When Mechanical Insulation Becomes a Matter of Safety
I talk frequently on this blog about the benefits of mechanical insulation for saving money and energy, but one of the most important aspects of insulation is protecting staff from thermal burns or other related injuries.
Although there are no specific OSHA standard or guidelines about exact temperature, OSHA does consider exposed heated surfaces, if there is a potential for injury, to be a hazard and issues citations if employees can come into contact with such surfaces.
For example, in 2010 Pinnacle Foods Group was given a $2,975 penalty for exposing employees to thermal burn hazards in the form of uninsulated pipes. The steam and hot water pipes, which operated at about 180 degrees Farenheit, were located in multiple prep areas and adjacent to the walking/work surfaces. The two potential solutions that were mandated by OSHA in this case were either to insulate the exposed pipes with the correct materials, or to install barriers or guards to prevent employees from coming into contact with the hazardous surfaces. Clearly, mechanical insulation is the much simpler way to correct this violation.
The exact standards that address exposed heated surfaces are below:
Steam and hot-water pipes. All exposed steam and hot-water pipes within 7 feet of the floor or working platform or within 15 inches measured horizontally from stairways, ramps, or fixed ladders shall be covered with an insulating material, or guarded in such manner as to prevent contact.
Steam pipes. All pipes carrying steam or hot water for process or servicing machinery, when exposed to contact and located within seven feet of the floor or working platform shall be covered with a heat-insulating material, or otherwise properly guarded.
Insulation for Radiant Heat Control and Noise Reduction
In addition to thermal burns as a direct result of contact with an exposed heated surface, there are other concerns that employers need to consider when insulating for personnel protection.

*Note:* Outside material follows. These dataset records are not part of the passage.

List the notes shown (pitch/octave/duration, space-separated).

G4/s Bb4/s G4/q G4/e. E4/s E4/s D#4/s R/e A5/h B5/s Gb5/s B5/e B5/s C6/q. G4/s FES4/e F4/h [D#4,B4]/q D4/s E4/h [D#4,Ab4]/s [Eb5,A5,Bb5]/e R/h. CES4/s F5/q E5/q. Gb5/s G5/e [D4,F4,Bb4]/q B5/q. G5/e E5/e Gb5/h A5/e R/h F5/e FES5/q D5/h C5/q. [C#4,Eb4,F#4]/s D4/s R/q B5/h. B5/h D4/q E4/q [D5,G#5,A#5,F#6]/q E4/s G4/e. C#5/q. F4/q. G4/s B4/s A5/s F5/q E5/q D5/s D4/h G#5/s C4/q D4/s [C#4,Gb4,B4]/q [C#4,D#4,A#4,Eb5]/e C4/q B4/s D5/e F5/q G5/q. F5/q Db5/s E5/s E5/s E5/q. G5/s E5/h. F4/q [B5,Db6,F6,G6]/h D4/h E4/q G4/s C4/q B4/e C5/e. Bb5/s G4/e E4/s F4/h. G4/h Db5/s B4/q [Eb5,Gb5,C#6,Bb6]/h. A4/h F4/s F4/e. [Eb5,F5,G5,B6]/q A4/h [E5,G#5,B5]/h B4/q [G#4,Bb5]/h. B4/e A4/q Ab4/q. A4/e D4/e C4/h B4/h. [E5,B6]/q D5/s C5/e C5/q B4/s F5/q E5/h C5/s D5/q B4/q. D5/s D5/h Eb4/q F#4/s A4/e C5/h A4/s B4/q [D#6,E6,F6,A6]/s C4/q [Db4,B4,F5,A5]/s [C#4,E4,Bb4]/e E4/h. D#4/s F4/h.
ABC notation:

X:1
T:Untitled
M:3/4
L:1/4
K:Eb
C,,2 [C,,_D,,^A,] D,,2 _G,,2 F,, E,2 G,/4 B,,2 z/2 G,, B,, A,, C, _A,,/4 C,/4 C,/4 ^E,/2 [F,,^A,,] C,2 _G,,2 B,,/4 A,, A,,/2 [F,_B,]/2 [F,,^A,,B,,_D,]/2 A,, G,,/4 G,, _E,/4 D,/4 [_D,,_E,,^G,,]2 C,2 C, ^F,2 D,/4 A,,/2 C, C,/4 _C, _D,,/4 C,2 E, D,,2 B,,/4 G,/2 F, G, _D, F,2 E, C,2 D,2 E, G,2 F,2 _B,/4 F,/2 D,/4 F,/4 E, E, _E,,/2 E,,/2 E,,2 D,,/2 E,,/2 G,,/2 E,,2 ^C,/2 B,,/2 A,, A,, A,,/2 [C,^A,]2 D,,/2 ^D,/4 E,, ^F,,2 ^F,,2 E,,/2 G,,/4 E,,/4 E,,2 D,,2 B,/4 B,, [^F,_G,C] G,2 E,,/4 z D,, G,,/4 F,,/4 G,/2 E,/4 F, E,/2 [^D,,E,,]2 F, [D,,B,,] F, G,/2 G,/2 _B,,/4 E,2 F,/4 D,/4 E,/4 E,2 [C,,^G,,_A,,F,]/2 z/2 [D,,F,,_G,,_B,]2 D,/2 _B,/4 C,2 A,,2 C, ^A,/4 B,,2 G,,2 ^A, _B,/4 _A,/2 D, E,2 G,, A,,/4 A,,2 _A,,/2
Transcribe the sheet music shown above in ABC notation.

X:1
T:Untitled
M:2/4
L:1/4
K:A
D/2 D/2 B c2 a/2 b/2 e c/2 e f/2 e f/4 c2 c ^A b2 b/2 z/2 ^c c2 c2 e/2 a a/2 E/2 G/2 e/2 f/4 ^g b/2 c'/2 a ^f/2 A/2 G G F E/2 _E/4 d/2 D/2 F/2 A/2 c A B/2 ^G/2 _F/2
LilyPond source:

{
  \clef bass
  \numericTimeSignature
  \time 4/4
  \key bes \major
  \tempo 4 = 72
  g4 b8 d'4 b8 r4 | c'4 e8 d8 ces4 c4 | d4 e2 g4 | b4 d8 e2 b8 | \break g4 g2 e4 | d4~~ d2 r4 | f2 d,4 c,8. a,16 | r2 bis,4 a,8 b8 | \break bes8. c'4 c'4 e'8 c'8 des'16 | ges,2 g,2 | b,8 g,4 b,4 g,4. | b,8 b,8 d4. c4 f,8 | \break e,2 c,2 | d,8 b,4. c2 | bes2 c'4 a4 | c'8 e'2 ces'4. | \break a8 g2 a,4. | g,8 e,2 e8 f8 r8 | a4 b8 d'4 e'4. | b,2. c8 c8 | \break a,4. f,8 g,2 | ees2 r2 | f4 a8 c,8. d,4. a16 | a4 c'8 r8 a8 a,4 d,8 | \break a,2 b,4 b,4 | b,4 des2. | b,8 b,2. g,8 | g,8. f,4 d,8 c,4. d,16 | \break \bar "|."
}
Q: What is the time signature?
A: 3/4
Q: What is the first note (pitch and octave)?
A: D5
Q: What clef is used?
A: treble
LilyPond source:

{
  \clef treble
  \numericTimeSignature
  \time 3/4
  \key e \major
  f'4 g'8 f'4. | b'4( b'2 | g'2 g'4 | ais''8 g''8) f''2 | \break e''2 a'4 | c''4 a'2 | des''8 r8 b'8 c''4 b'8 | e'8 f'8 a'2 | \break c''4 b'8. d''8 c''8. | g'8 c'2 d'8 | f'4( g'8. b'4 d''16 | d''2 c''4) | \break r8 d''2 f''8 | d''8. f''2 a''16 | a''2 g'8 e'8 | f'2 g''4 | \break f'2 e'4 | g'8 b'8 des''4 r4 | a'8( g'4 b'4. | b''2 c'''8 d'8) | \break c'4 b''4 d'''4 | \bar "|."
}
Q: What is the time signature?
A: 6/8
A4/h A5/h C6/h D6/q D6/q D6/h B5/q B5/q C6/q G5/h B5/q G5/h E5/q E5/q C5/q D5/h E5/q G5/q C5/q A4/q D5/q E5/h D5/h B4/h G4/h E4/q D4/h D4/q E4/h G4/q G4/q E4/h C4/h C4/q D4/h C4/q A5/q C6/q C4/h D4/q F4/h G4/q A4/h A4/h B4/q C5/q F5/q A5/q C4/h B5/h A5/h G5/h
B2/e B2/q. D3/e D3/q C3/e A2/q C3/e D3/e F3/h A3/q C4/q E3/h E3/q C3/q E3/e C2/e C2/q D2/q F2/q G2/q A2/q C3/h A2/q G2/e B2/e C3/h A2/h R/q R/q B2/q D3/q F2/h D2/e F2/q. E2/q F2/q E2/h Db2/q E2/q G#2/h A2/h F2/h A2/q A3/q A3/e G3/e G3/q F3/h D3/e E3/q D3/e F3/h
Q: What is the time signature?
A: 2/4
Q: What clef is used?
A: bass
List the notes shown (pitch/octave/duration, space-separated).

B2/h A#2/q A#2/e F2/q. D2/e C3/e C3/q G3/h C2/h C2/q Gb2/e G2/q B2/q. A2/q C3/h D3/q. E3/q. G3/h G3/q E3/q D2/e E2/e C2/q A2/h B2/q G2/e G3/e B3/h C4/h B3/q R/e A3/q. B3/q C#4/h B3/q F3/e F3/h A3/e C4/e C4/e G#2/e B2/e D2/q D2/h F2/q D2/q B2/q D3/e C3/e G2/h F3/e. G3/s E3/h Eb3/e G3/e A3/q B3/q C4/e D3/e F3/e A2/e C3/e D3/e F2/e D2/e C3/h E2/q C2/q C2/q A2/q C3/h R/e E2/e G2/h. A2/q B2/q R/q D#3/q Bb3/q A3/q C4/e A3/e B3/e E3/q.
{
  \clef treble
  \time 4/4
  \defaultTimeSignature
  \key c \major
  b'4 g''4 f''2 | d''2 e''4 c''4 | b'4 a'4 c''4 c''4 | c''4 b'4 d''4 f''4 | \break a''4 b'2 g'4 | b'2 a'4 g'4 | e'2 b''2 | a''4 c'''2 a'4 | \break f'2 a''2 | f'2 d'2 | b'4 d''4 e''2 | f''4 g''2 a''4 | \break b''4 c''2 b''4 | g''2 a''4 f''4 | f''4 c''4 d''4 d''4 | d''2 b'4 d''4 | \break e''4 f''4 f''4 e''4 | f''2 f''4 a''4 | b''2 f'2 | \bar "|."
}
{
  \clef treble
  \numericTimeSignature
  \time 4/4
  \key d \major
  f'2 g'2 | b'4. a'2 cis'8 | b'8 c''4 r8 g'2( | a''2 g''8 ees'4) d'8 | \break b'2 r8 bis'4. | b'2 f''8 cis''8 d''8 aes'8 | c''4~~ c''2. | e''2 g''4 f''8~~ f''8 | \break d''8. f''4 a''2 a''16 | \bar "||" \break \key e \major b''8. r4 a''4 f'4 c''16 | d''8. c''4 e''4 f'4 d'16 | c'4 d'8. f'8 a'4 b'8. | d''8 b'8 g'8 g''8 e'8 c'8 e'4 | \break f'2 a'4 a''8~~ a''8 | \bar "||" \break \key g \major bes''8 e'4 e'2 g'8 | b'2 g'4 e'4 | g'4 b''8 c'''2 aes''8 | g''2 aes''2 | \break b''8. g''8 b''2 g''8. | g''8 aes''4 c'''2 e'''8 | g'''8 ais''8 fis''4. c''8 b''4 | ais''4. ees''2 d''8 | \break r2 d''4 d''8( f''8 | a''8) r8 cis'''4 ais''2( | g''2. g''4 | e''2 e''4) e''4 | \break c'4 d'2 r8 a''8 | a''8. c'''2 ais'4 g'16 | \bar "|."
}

Reducing employee exposure to radiant heat is extremely important for preventing heat-related health problems such as heat exhaustion and heat cramps.
As OSHA puts it, any workplace where “operations involve high air temperatures, radiant heat sources, high humidity, direct physical contact with hot objects, or strenuous physical activities have a high potential for causing heat-related illness.” These workplaces could include foundries, brick/ceramic plants, factories, electrical utility rooms, bakeries, laundries, commercial kitchens, chemical plants, mines, steam tunnels, and any manufacturing facility.
In the thermal images below, we can clearly see the effects of surface giving off radiant heat. If the pipes below were insulated the amount of heat loss would be much less.
OSHA requires that employers provide protection against noise exposure when workplace noise reaches certain decibel levels. One of the easiest and most effective ways to reduce mechanical noise in the manufacturing industry is to insulate mechanical systems. Mechanical insulation is an effective solution for providing acoustic barriers, reducing noise, and dampening vibration. Sound attenuation with insulation can require both standard and specialized insulation materials to encase or enclose the noise source, forming a sound barrier between the source and the surrounding area.